AFP PHOTO/Brendan SMIALOWSKIBRENDAN SMIALOWSKI/AFP/Getty Images

AFP PHOTO/Brendan SMIALOWSKIBRENDAN SMIALOWSKI/AFP/Getty Images

The Centers for Medicare and Medicaid Services (CMS) today released guidance to state insurance commissioners implementing President Obama’s “fix” for people losing their insurance. Not only does it violate the explicit text of Obamacare itself, but it also raises the possibility of insurers getting access to a new pool of bailout funds.

As previously reported, the Administration’s latest plan waives many of the costly mandates included in Obamacare that are scheduled to take effect on January 1, 2014. The guidance says that these requirements will be waived—in clear violation of the text of the law—for one year for all plans renewed between January 1, 2014, and October 1, 2014. CMS also implies these waivers could be extended, stating it will “assess…whether to extend [the waivers] beyond the specified timeframe.”

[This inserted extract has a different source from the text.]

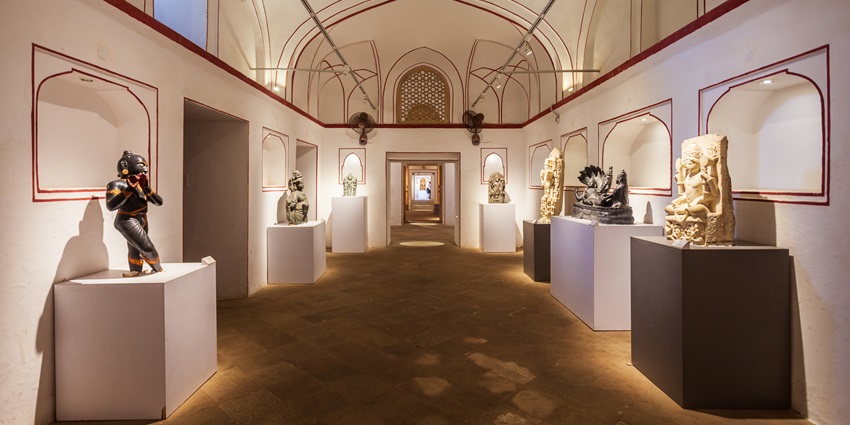 Inside the halls of the Jalan museum, displaying artefacts reflecting the history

However, the real story is buried in the final paragraph of the three-page memo, where CMS implies it is exploring options to provide additional payments to insurers to offset their losses from this Obamacare debacle:

Though this transitional policy was not anticipated by health insurance issuers when setting rates for 2014, the risk corridor program should help ameliorate unanticipated changes in premium revenue. We intend to explore ways to modify the risk corridor program final rules to provide additional assistance.

To translate into English: If some Americans can keep their pre-Obamacare health plans next year, they will not enroll in the Obamacare exchanges. That means the enrollees in the exchanges are likely to be sicker than insurers previously expected. Already this afternoon, the health insurance industry trade association has alleged the President’s “fix” could have a significant impact on premiums in the marketplace, for that very reason.

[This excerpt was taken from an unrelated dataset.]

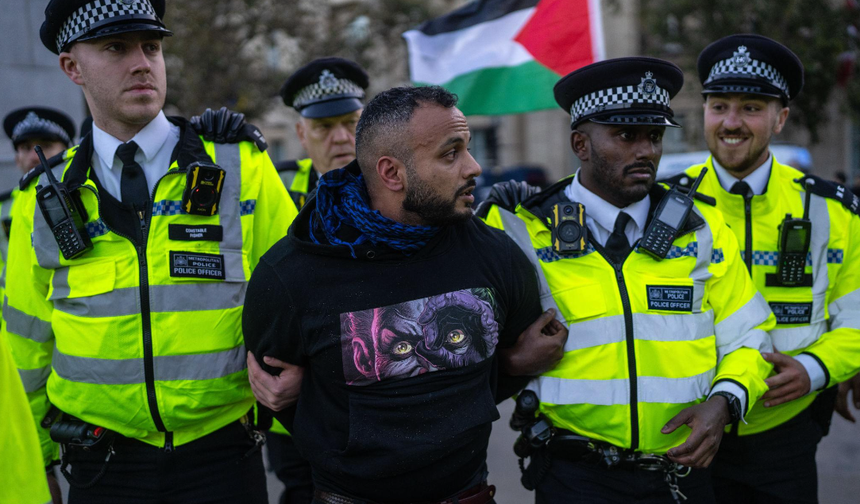 Londra’da "Palestine Action" eylemine 523 gözaltı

The CMS guidance today raises the possibility of using Obamacare’s risk corridor program to compensate insurers for these losses. Briefly stated, the risk corridor program shifts funds among insurers—it minimizes losses from carriers with sicker-than-expected enrollees, by redistributing gains from carriers with healthier-than-expected enrollees.

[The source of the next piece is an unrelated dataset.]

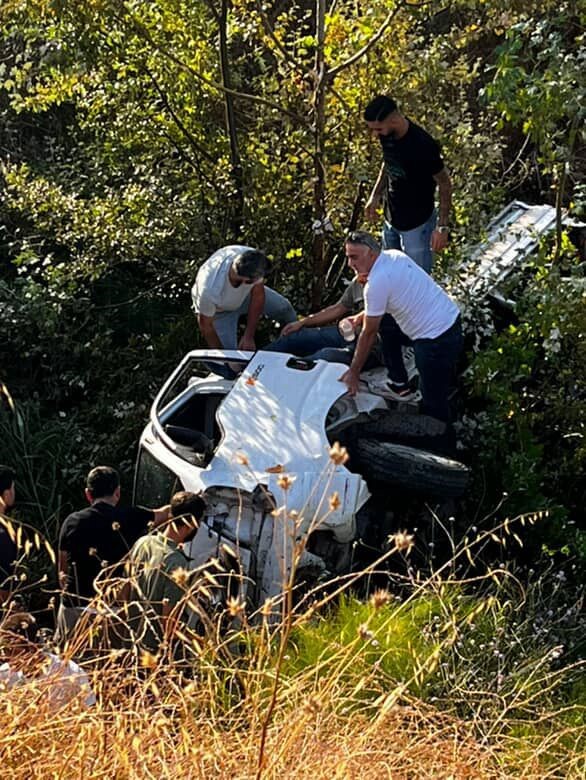 Kontrolden çıkan kamyonet ağaçlık alana uçtu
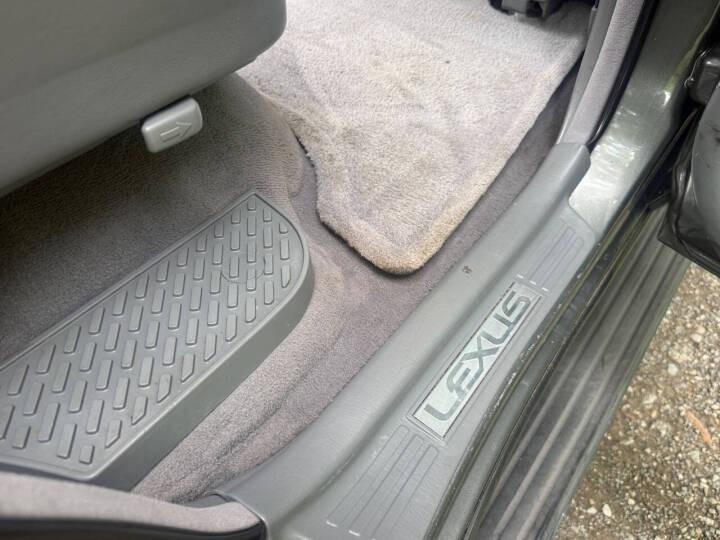 2002 Lexus LX 470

But as has been noted elsewhere, the risk corridor program “doesn’t need to be budget neutral; if the math demands it, the government can pay out more than it collects through the program.” CMS’s comments today imply that it’s contemplating exactly that—undoing the concept of budget neutrality for the risk corridor program, and using it to compensate insurers for their losses.

According to the Congressional Budget Office, Obamacare already gives more than $1 trillion in subsidies to insurance companies over the next 10 years. President Obama’s extra-legal “fix” could now result in the Administration offering insurers a bailout totaling billions of dollars more. It’s one more reason why there is only one real Obamacare “fix,” and that’s scrapping the law entirely.